Methods: Twenty-two APOE ε4 negative, 40 heterozygous, and 22 homozygous Alzheimer disease dementia patients underwent dynamic (90 minutes) [(11)C]Pittsburgh compound B (PIB) and static [(18)F]fluorodeoxyglucose (FDG) PET scans. Parametric nondisplaceable binding potential images of [(11)C]PIB and standardized uptake value ratio images of [(18)F]FDG were generated using cerebellar gray matter as reference tissue. Frontal, parietal, temporal, posterior cingulate, and occipital cortices were selected as regions of interest.

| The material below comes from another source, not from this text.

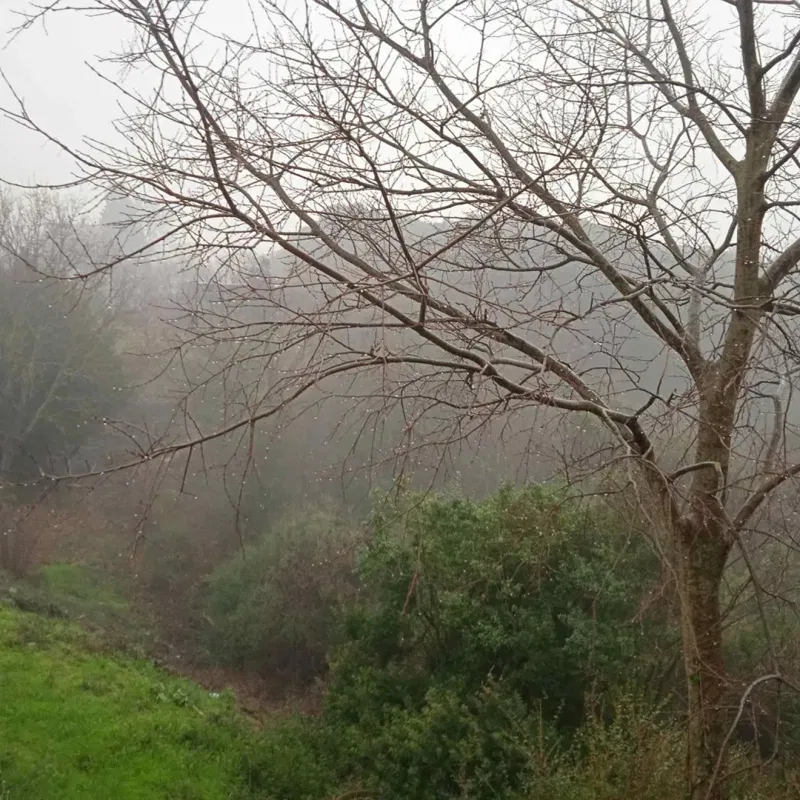 Terreno Pula – 2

Results: Multivariate general linear models with adjustment for age, sex, and Mini-Mental State Examination showed main effects of APOE ε4 dose on distributions of both [(11)C]PIB (p for trend <0.05) and [(18)F]FDG (p for trend <0.01). More specifically, a univariate general linear model of individual regions showed increased [(11)C]PIB binding in frontal cortex of APOE ε4 noncarriers compared with APOE ε4 carriers (p < 0.05). In contrast, APOE ε4 carriers had reduced [(18)F]FDG uptake in occipital cortex (p < 0.05) and a borderline significant effect in posterior cingulate (p = 0.07) in a dose-dependent manner.

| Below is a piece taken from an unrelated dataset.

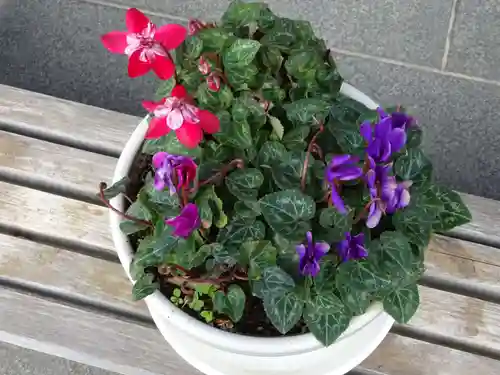 妙蓮寺(神奈川県)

Conclusion: We found a reversed APOE ε4 dose effect for amyloid deposition in the frontal lobe, whereas APOE ε4 carriership was associated with more profound metabolic impairment in posterior parts of the cortex. These findings suggest that APOE genotype has a differential effect on the distribution of amyloid plaques and glucose metabolism. This may have important implications for emerging therapies that aim to directly intervene in the disease process.